PGConf US 2016 will take place April 18-20, 2016 in NYC. The CfP is
open until January 31st, 2016, 11:59pm EST.
LinuxFest Northwest will take place April 23-24, 2016 at Bellingham
Technical College in Bellingham, Washington, USA. The CfP is now
FOSS4G NA, will be held May 2-5, 2016 in Raleigh, North Carolina.
The CfP is open.
PGCon 2016 will be held May 17-21, 2016 in Ottawa.
This year's Swiss PGDay will be held on June 24, 2016 at the
University of Applied Sciences in Rapperswil (Switzerland).
The CfP is open.
== PostgreSQL in the News ==
Planet PostgreSQL: http://planet.postgresql.org/
PostgreSQL Weekly News is brought to you this week by David Fetter
Submit news and announcements by Sunday at 3:00pm Pacific time.

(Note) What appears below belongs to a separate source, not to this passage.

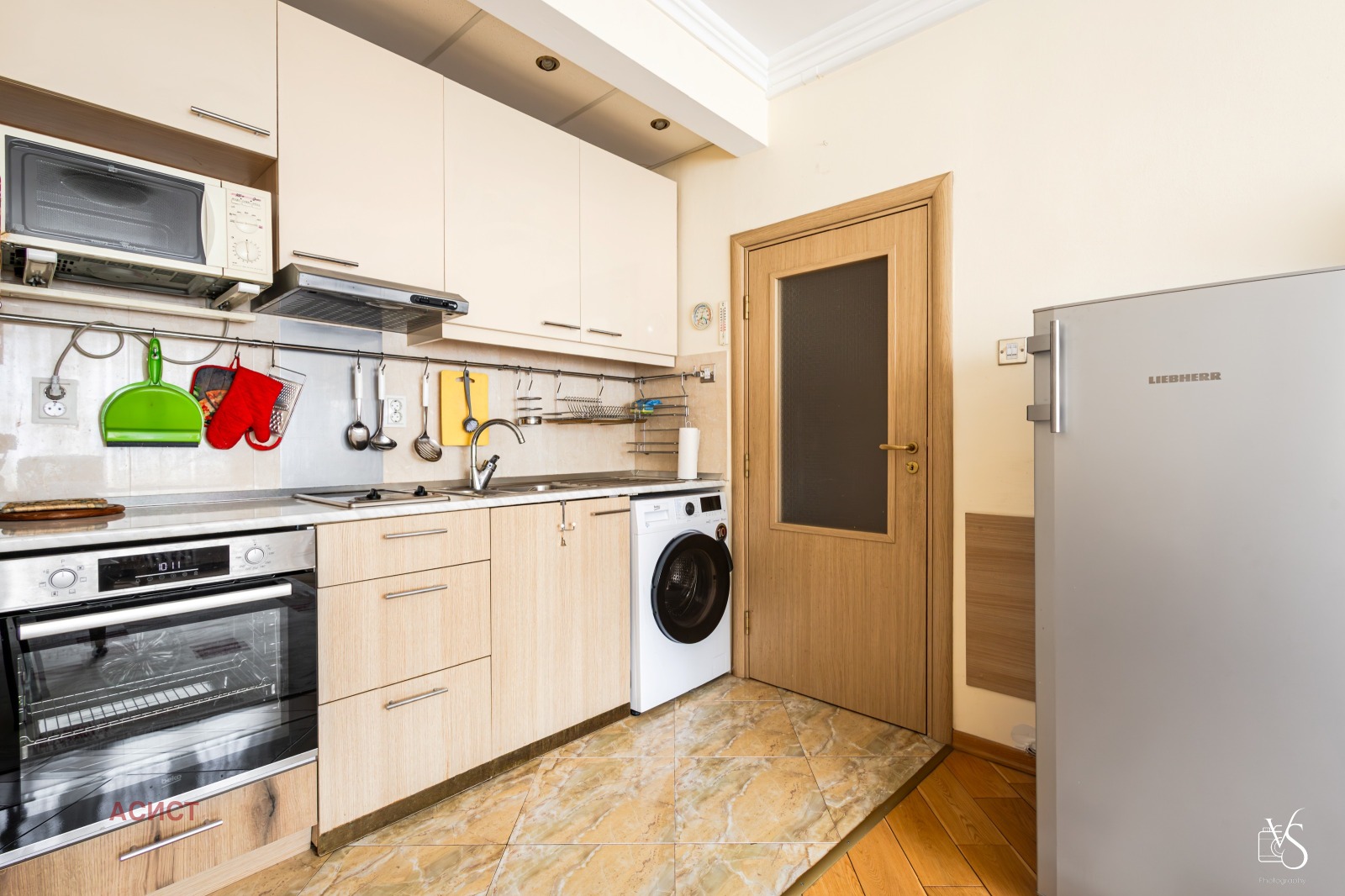 Дава под наем 2-СТАЕН, гр. София, Лозенец, снимка 2 - Апартаменти - 53278710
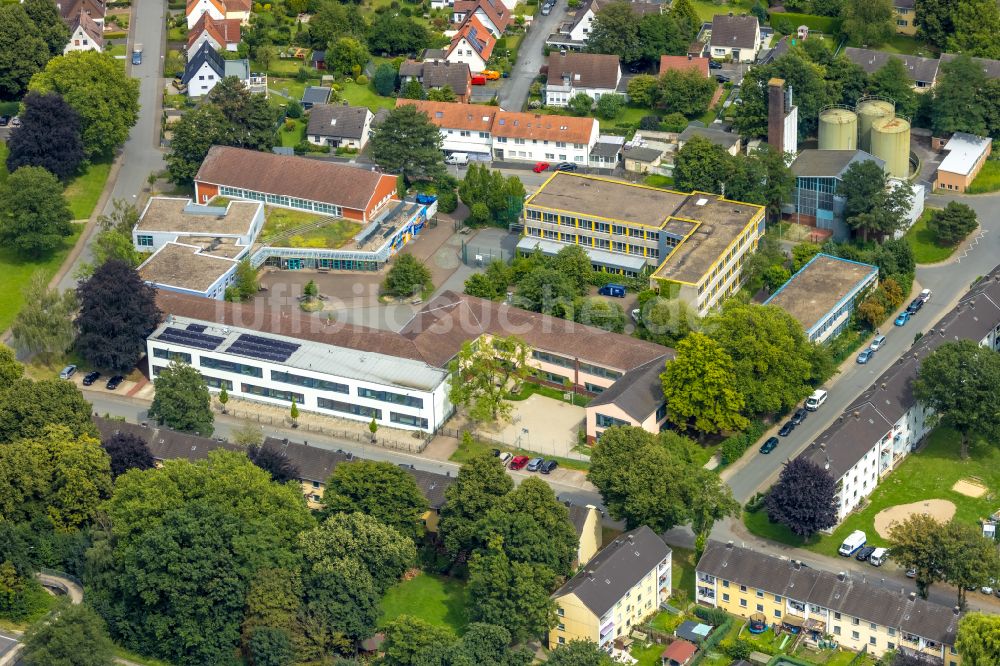 Soest aus der Vogelperspektive: Schulgebäude Hannah-Arendt Gesamtschule in Soest im Bundesland Nordrhein-Westfalen, Deutschland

Please send English language ones to david <at> fetter.org, German language
to pwn <at> pgug.de, Italian language to pwn <at> itpug.org. Spanish language
to pwn <at> arpug.com.ar.
== Applied Patches ==
Tom Lane pushed:
- Re-pgindent a few files. In preparation for landing index AM
- Restructure index access method API to hide most of it at the C
level. This patch reduces pg_am to just two columns, a name and a
handler function. All the data formerly obtained from pg_am is now
provided in a C struct returned by the handler function. This is
similar to the designs we've adopted for FDWs and tablesample
methods. There are multiple advantages. For one, the index AM's
support functions are now simple C functions, making them faster to
call and much less error-prone, since the C compiler can now check
function signatures. For another, this will make it far more
practical to define index access methods in installable extensions.
A disadvantage is that SQL-level code can no longer see attributes
of index AMs; in particular, some of the crosschecks in the
opr_sanity regression test are no longer possible from SQL. We've
addressed that by adding a facility for the index AM to perform such
checks instead. (Much more could be done in that line, but for now
we're content if the amvalidate functions more or less replace what
opr_sanity used to do.) We might also want to expose some sort of
reporting functionality, but this patch doesn't do that. Alexander
Korotkov, reviewed by Petr Jelínek, and rather heavily editorialized
on by me.
- Add explicit cast to amcostestimate call. My compiler doesn't
complain here, but David Rowley's does ...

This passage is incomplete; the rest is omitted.